◆ **Required work**
The result should be the listing below restated word for word, with images left out.
+-------+
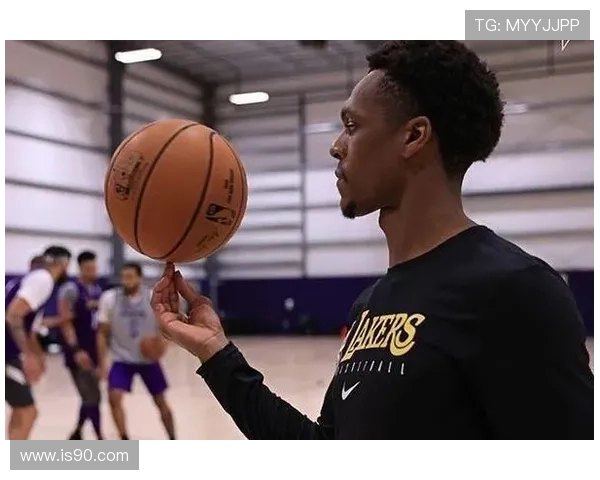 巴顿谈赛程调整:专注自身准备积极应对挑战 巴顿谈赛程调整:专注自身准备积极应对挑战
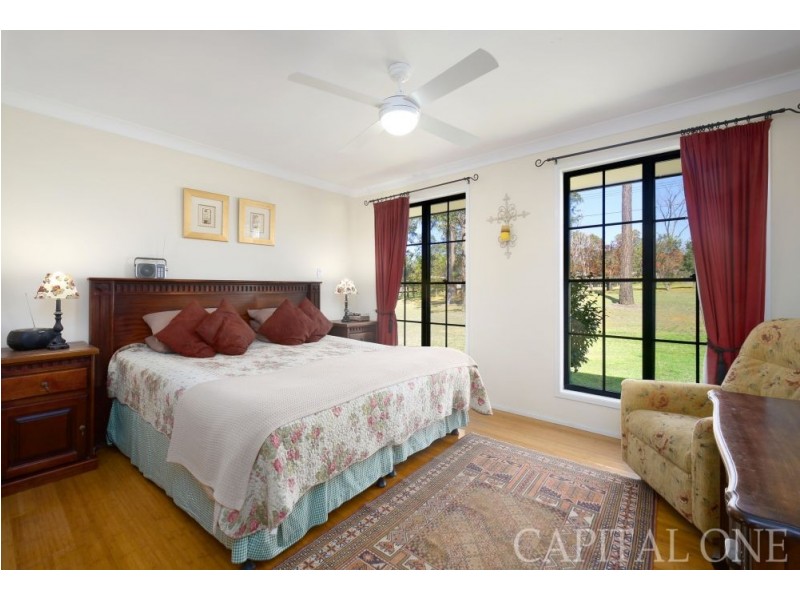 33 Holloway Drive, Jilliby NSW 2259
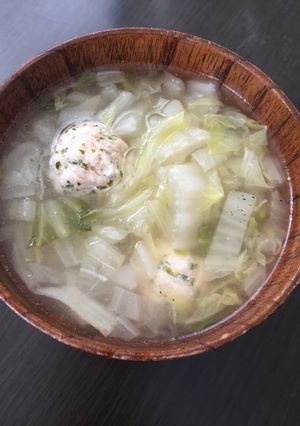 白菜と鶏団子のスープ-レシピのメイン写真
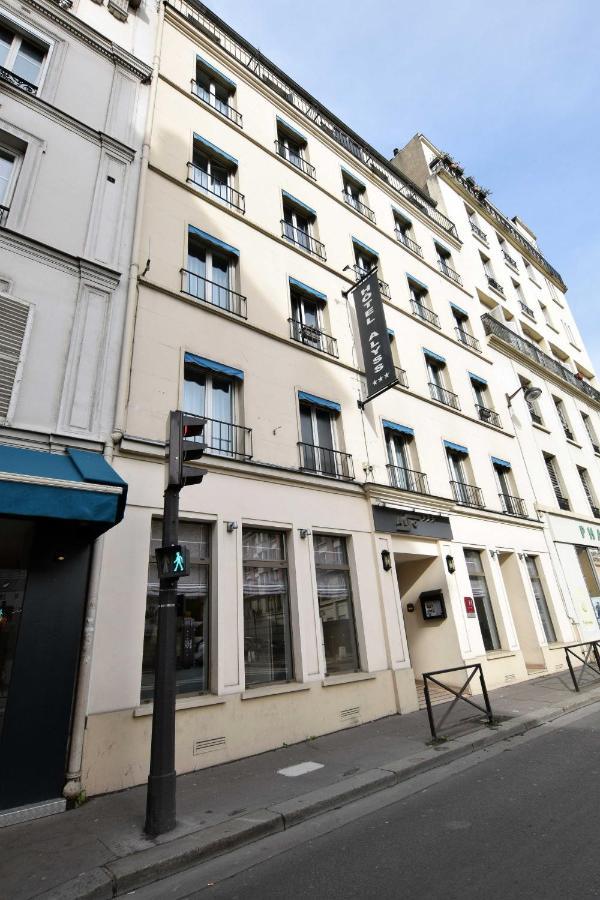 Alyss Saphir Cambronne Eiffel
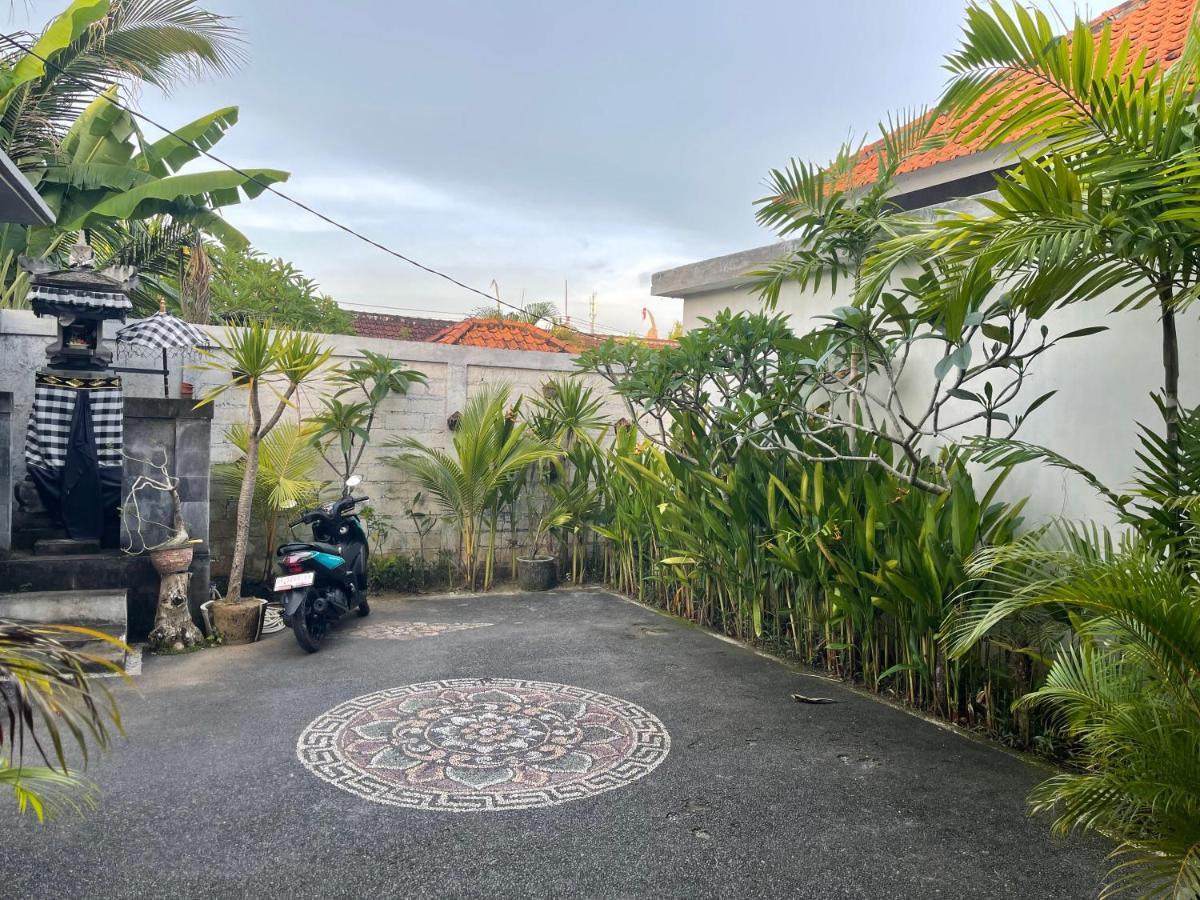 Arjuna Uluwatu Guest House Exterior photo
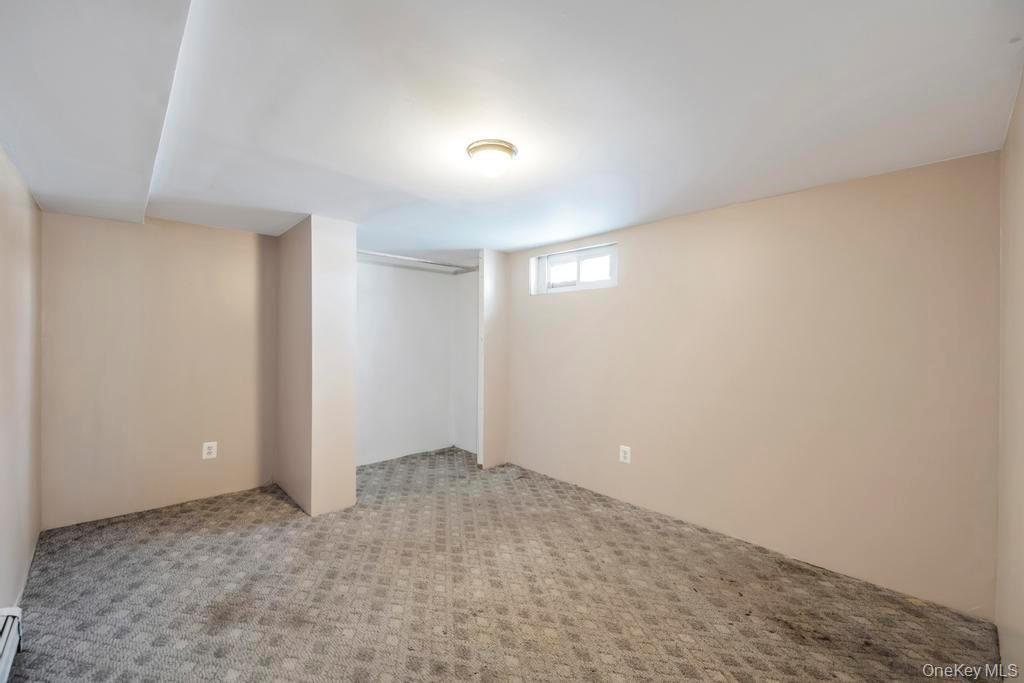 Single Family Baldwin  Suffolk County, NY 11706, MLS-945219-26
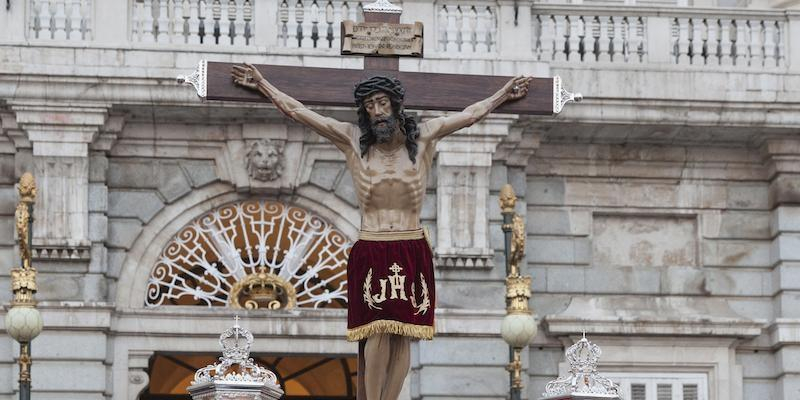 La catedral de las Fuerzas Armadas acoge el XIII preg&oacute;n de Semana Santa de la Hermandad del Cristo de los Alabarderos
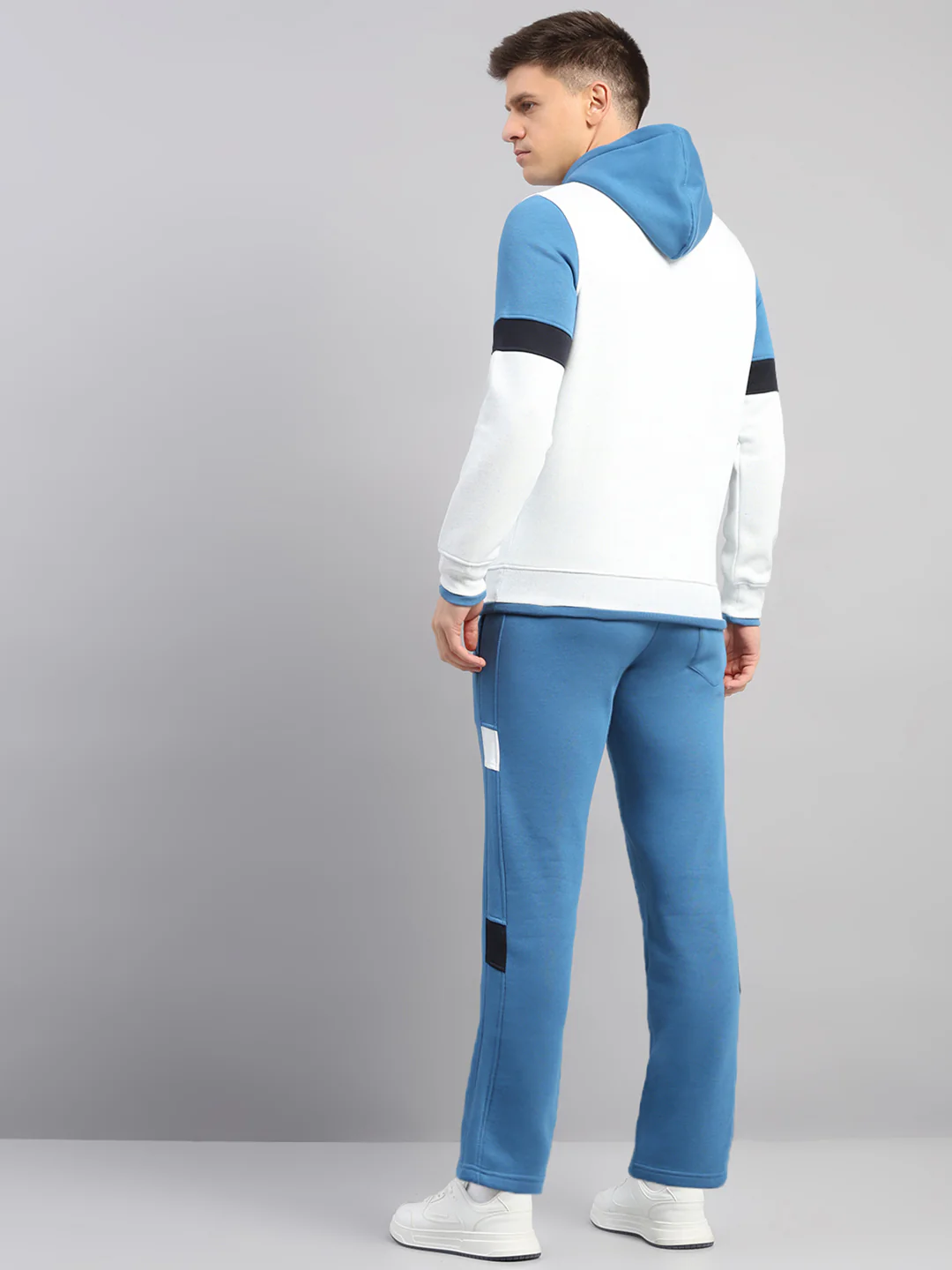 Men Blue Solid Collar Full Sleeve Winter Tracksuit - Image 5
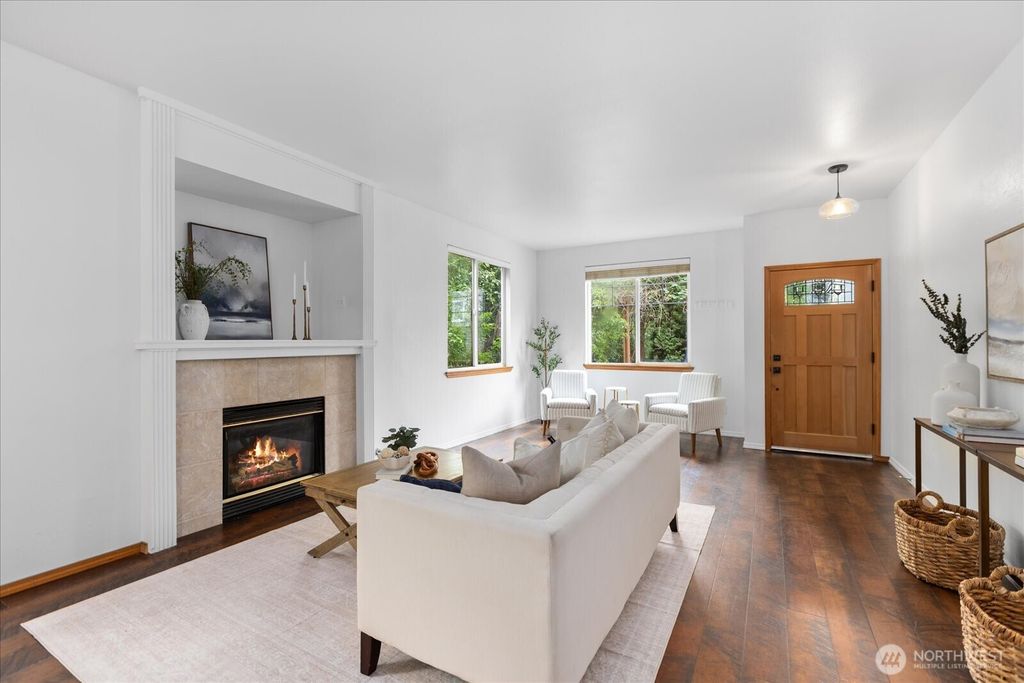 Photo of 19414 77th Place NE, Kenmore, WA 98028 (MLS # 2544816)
+-------+
◆ **Response area**
 巴顿谈赛程调整:专注自身准备积极应对挑战 巴顿谈赛程调整:专注自身准备积极应对挑战
 33 Holloway Drive, Jilliby NSW 2259
 白菜と鶏団子のスープ-レシピのメイン写真
 Alyss Saphir Cambronne Eiffel
 Arjuna Uluwatu Guest House Exterior photo
 Single Family Baldwin  Suffolk County, NY 11706, MLS-945219-26
 La catedral de las Fuerzas Armadas acoge el XIII preg&oacute;n de Semana Santa de la Hermandad del Cristo de los Alabarderos
 Men Blue Solid Collar Full Sleeve Winter Tracksuit - Image 5
 Photo of 19414 77th Place NE, Kenmore, WA 98028 (MLS # 2544816)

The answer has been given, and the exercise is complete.